La déclinaison est presque navrante …c’est un fils, un frère, un mari, un ami, un chef, un ennemi....états auquels correspondent autant de personnages secondaires et de scènes.
Et si son itinéraire chaotique, furieux ressemble à celui de la Corée dans le miracle économique, c’est partiquement impossible de le suivre dans la production, l’immobilier véreux, les embrouilles d’anciens combattants. On en vient presque à chercher comme dans les tv-dramas historiques coréens les sous-titres sous les personnages. Ici " ‘Oh Sang-pil’ chef du gang sato 1970-1980..", là "Mr Park directeur de la KCIA..".
De même, si pour le héros ' low', l’espace privé doit se confondre avec le public et que la métaphore est belle (le plan aussi), je ne crois pas qu’on traverse une manifestation politique au bras de sa femme enceinte comme on traverserait le siècle.
Reste donc à chercher ‘ce souffle’ dont on parle chez IM et nul doute que le maître est à l’œuvre. Le film est de bonne facture, économie de mouvement et un montage cut frénétique, poursuite de toute beauté, des combats frustes, bestiaux
.... accélération du destin et chute…
ou son corollaire, comme pour cet ami handicapé, la perte de virilité.
Le gros problème de ce film, c'est qu'il passe vraiment trop rapidement sur les événements ; pas d'approfondissement sur les révoltes ; on entrevoit à peine les raisons des manifestations de l'opposition et des étudiants, car finalement, les événements se succèdent beaucoup trop rapidement ; au début du film, les scènes passent de l'une à l'autre sans qu'on ait eu le temps de saisir le lien entre les elles. Tout cela car le film ne dure qu'1h40 et que le réalisateur a tenu à parler de près de 30 ans d'histoire coréene, ce qui semble un peu ambitieux et téméraire.
Ce qu'on peut féliciter sur ce film, ce sont les moyens employés pour tenter de coller à l'atmosphère de cette époque, avec des décors ayant nécessité un an de travaux et la volonté d'assimiler intimement l'histoire du personnage principal avec les grands événements qui ont bouleversés la Corée. L'histoire reste cohérente et le personnage principal, bien qu'étant une crapule, reste attachant quand on voit comment il essaye de se racheter. Côté action, c'est bien coordonné, rien à redire là dessus ; c'est même un des trucs les mieux faits du film (avec les décors), le réalisateur ayant choisi le style réaliste plutôt que l'esthétique, ce qui correspond donc mieux à un film se voulant parler honnètement d'une époque houleuse ; enfin heureusement quand même que le film ne repose pas dessus.

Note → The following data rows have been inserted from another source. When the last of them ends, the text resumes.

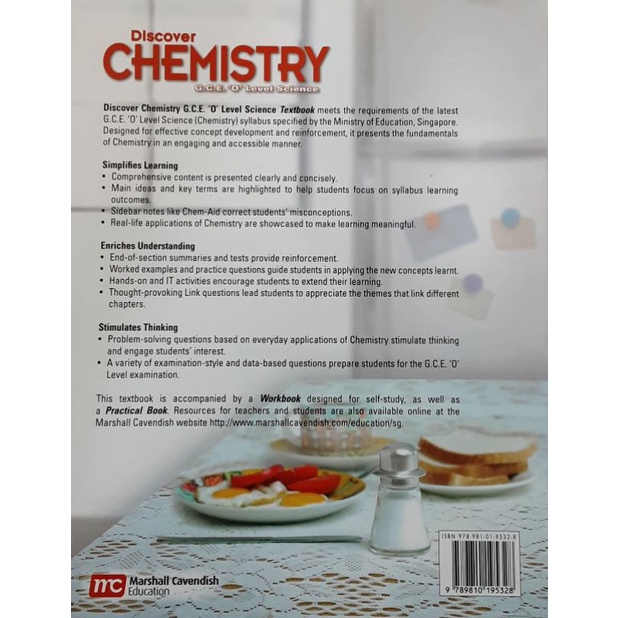 discover-chemistry-gceolevel-science-แบบเรียนวิชาเคมีระดับมัธยมศึกษาตอนต้นและตอนปลาย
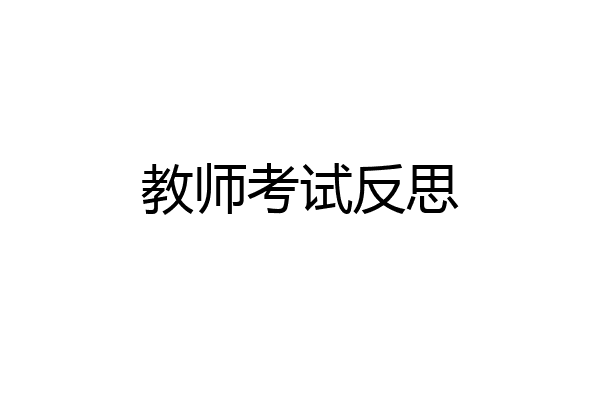 教师考试反思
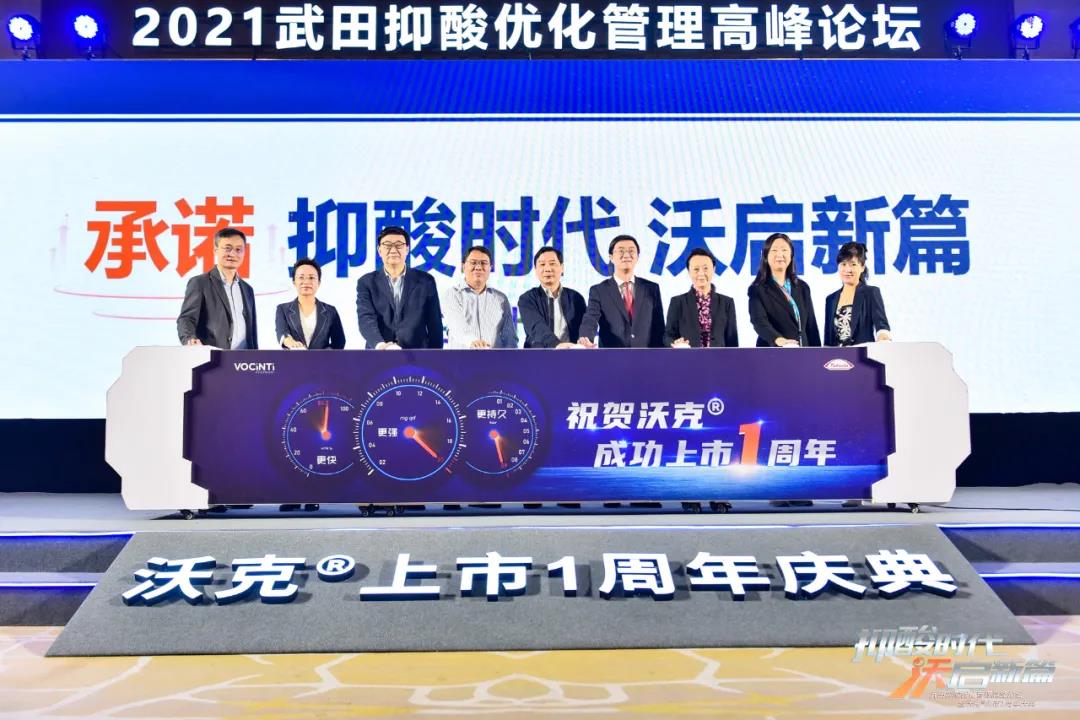 共探抑酸治疗发展新思路！首届武田抑酸优化管理高峰论坛聚力启航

Au dela de la mise en scène assez désagreable au début, le film commence à ralentir sur le tard pour chercher à mieux raconter la nouvelle vie du héros, ce qui fait finir le film sur une note plutôt agréable quand même. Egalement le film a le mérite de vouloir parler de nombreux sujets taboos auparavant, comme la corruption et la censure, bien montrée dans la scène ou l'on voit le personnage se faire refuser la sortie de son film à cause de scène trop érotiques, et de critiques du gouvernement et de l'armée américaine.
C'est bien dommage que ce film soit trop court ; dans le même genre, il n'atteint vraiment pas le niveau d'exception de Friend et aurait plutôt du être sorti en une trilogie ou une série TV, ce qui aurait mieux permis de développer tous les thèmes. De plus on a franchement du mal à voir les personnage vieillir sur 20 ans (aucun morphing, Kim Min-Sun garde son visage de 25 ans jusqu'au bout). Intéressant pour son sujet mais bien trop rapide.